Documents Reveal That 73 US Airport Employees Linked to Terrorists

“If anyone gets caught at a TSA checkpoint or is working at an airport then we've failed at so many different levels it'll be catastrophic."

Documents recently obtained by WFXT-TV through a Freedom of Information Act request reveal that 73 private employees at nearly 40 airports nationwide have been identified with potential ties to terrorists.

The 73 reportedly flagged employees still were allowed to work at the airports because the Transportation Security Administration did not yet have access to all of the terrorism-related databases used during the vetting process, a report from the Homeland Security Inspector General's Office stated last year. Although this original 2015 report did not reveal where the 73 airport workers were employed, since its release, the TSA said that it has been given access to all terror-related databases, according to WFXT.

Charlie Leocha, chairman of the consumer traveler advocacy group Travelers United, told WFXT that the employees, whose identities have not yet been publicly released, could be anyone from a supervisor at an airport store to an airline employee with access to luggage.

“If anyone gets caught at a TSA checkpoint or is working at an airport, then we've failed at so many different levels it'll be catastrophic,” Leocha said.

Michael England, the TSA’s national spokesman, issued a statement in which he claimed that the compiled evidence does not suggest that the 73 DHS employees are on the U.S. government's consolidated terrorist watch list.

“In fact, DHS utilizes information on the terrorist watch list to screen and vet, including those individuals with access to secure areas of an airport.

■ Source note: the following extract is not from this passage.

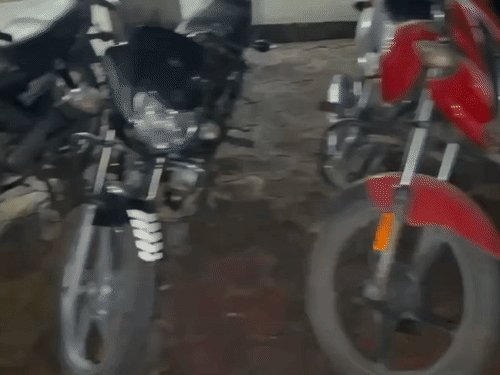 आरोपियों से बरामद की गईं बाइक।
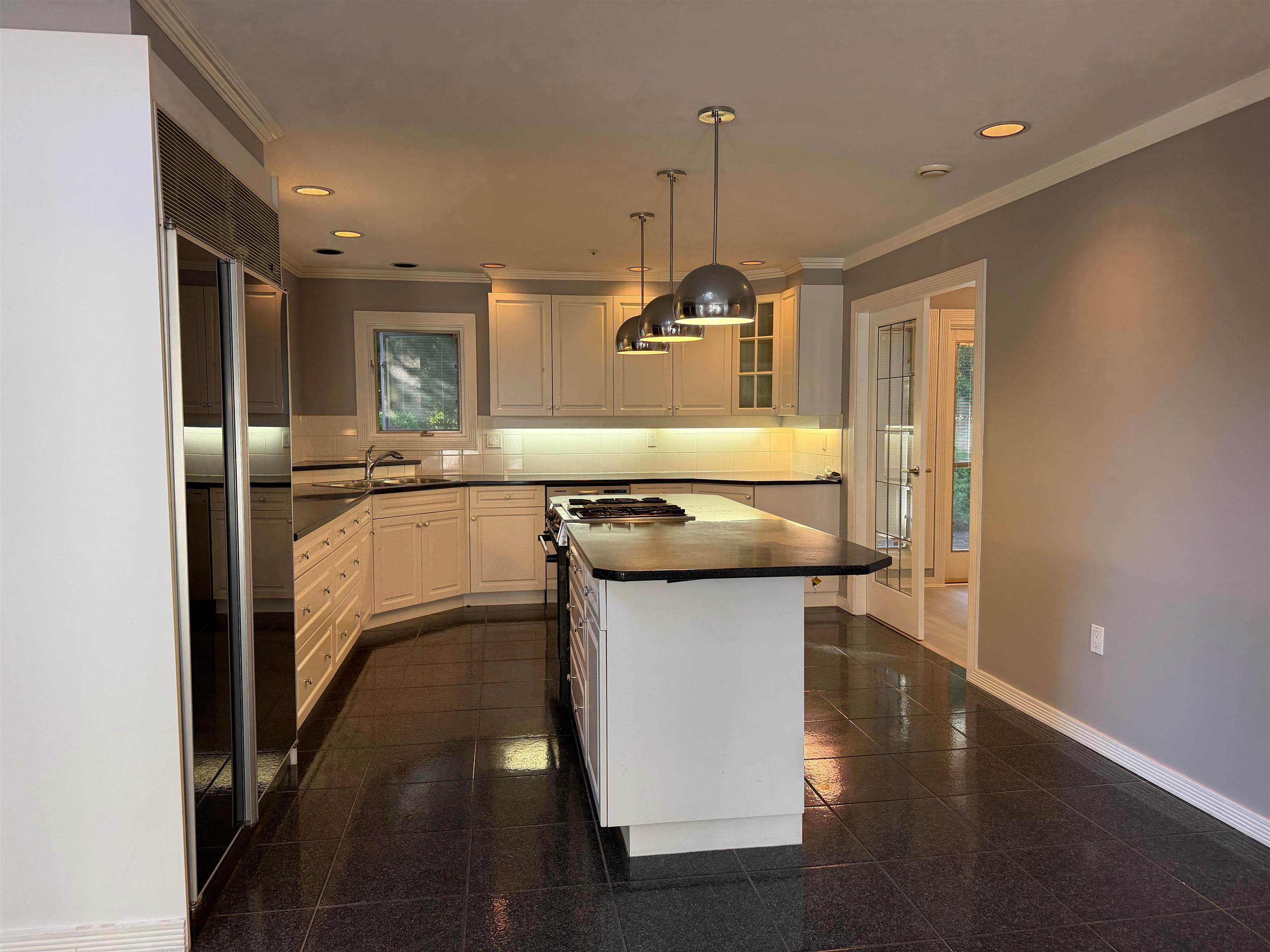 8575 Captains Cove, Vancouver, V6P 6S1 — photo 2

DHS holds our employees to the highest possible standards and fully vets throughout term of employment," England said, according to WFXT. “Having automated access to [the terror-related databases] makes it possible for TSA to make more informed security threat assessment decisions for individuals seeking access to critical and sensitive transportation infrastructure. ... TSA’s credentialed populations are already vetted, and continually re-vetted, against the Terrorist Screening Database.”